■ WORK INSTRUCTION: What do the lines say from the one containing "電源は不要。レバーを引くだけで炭酸水が完成" to the end of the records? Restate them word for word, and only those.

■ SOURCE MATERIAL:
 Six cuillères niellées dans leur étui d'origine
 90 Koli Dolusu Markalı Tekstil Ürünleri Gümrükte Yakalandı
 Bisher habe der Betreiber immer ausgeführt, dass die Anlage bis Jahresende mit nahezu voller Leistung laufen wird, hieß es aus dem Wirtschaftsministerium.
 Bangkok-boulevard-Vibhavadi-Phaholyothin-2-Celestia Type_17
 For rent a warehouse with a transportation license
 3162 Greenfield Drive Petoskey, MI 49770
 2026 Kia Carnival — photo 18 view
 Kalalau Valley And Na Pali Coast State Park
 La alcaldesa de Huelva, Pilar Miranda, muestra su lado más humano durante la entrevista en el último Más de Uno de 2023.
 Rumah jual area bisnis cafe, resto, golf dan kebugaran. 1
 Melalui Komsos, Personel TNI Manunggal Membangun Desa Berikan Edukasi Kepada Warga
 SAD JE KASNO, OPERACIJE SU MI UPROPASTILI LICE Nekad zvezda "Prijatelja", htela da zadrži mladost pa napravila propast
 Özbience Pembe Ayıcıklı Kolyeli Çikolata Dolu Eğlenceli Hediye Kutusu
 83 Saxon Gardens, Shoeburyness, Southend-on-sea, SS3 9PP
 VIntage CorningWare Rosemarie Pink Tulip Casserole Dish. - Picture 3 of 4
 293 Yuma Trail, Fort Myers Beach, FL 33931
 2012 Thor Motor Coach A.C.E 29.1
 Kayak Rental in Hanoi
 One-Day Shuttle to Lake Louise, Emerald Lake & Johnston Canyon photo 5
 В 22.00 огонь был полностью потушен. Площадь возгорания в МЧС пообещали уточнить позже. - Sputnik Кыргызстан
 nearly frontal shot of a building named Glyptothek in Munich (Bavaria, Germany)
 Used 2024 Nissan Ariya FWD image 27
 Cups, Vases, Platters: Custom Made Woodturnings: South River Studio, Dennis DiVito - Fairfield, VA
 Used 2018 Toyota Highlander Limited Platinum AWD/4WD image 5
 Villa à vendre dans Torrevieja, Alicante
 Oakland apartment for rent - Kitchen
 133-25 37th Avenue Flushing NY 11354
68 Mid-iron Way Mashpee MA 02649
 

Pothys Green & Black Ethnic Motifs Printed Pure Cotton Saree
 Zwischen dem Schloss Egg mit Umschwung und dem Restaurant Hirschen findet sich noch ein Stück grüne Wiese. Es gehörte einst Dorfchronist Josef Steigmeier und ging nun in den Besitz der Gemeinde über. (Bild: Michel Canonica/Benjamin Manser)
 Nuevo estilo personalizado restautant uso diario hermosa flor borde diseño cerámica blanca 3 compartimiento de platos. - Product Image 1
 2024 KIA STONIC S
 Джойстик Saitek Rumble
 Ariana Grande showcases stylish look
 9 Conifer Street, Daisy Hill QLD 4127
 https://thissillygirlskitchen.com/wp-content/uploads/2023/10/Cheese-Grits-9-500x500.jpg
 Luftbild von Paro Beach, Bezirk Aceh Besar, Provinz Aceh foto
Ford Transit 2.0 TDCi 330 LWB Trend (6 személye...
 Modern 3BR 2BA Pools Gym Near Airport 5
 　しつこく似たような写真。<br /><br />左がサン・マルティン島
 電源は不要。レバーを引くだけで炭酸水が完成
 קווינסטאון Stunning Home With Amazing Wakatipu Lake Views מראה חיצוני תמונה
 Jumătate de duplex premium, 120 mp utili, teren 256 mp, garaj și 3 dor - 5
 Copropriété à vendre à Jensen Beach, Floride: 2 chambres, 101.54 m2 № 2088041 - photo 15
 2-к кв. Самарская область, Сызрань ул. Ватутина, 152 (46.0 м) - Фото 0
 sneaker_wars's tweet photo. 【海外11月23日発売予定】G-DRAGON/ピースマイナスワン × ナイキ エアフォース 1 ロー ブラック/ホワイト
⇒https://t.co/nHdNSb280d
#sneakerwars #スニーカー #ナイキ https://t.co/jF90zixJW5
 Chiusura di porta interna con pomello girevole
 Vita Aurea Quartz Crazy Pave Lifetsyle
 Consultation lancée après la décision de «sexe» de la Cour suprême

■ ANSWER BOX:
 電源は不要。レバーを引くだけで炭酸水が完成
 קווינסטאון Stunning Home With Amazing Wakatipu Lake Views מראה חיצוני תמונה
 Jumătate de duplex premium, 120 mp utili, teren 256 mp, garaj și 3 dor - 5
 Copropriété à vendre à Jensen Beach, Floride: 2 chambres, 101.54 m2 № 2088041 - photo 15
 2-к кв. Самарская область, Сызрань ул. Ватутина, 152 (46.0 м) - Фото 0
 sneaker_wars's tweet photo. 【海外11月23日発売予定】G-DRAGON/ピースマイナスワン × ナイキ エアフォース 1 ロー ブラック/ホワイト
⇒https://t.co/nHdNSb280d
#sneakerwars #スニーカー #ナイキ https://t.co/jF90zixJW5
 Chiusura di porta interna con pomello girevole
 Vita Aurea Quartz Crazy Pave Lifetsyle
 Consultation lancée après la décision de «sexe» de la Cour suprême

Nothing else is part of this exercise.